WCAL
- California, Pennsylvania; United States;
- Frequency: 91.9 MHz

Programming
- Format: Freeform

Ownership
- Owner: Student Association, Inc.

History
- Former call signs: WVCS
- Call sign meaning: For California University of Pennsylvania, former name of PennWest California

Technical information
- Licensing authority: FCC
- Facility ID: 63559
- Class: A
- ERP: 3.3 kilowatts
- HAAT: 49 meters
- Transmitter coordinates: 40°2′58″N 79°54′11.7″W﻿ / ﻿40.04944°N 79.903250°W

Links
- Public license information: Public file; LMS;
- Webcast: Listen Live
- Website: wcal.calu.edu

= WCAL =

Student-run college radio station serving PennWest California

WCAL (91.9 FM) is a student-run college radio station serving PennWest California (formerly known as California University of Pennsylvania) and the surrounding area, including Washington, Fayette, Westmoreland, Greene, and Allegheny counties.It also streams online.

Broadcasting at 3.3 kilowatts, the station can be heard in a 30-40 mile radius of California, Pennsylvania.
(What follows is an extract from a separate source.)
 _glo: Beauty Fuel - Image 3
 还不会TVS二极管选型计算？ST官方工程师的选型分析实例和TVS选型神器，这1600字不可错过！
WCAL is FCC licensed to, and owned by, The Student Association, Inc., and broadcasts 24 hours per day from the 1st floor Media Suite in the Natali Student Center on the PennWest California campus.

The station operates a freeform format, and airs a variety of student and staff programming each week. The station also broadcasts Vulcans football and men's and women's basketball games.

WCAL is open to all students, regardless of major. PennWest California faculty and staff are also offered opportunities to air original programming.

== History ==
The Vulcan Radio Club was formed in the mid-1960s, but it split within a couple of years between those interested in AM/FM broadcasting and amateur, or “ham,” radio operators.

In spring 1969, students attempted to set up an unlicensed station in Vulcan Lounge, according to the Cal Times.

The station – now called WMCL – moved first to McCloskey Hall, then to a student's basement, then to a house on Beazel Street where train whistles interrupted the programs.

Finally, in fall 1971, the radio station moved to the basement of the student center, and the Student Activities Association requested a 10-watt FM license from the Federal Communications Commission.

Permission was granted in 1972. An official station – the 10-watt WVCS (Voice of Cal State) – was finally on the air, operated by the Student Broadcast Club.

In 1992, the student center was expanded to twice its size and named for respected administrator Elmo Natali. The campus radio station, TV station and student newspaper moved to a new media center there.

In March 2005, WCAL management negotiated a deal with Minnesota Public Radio to acquire the WCAL call letters.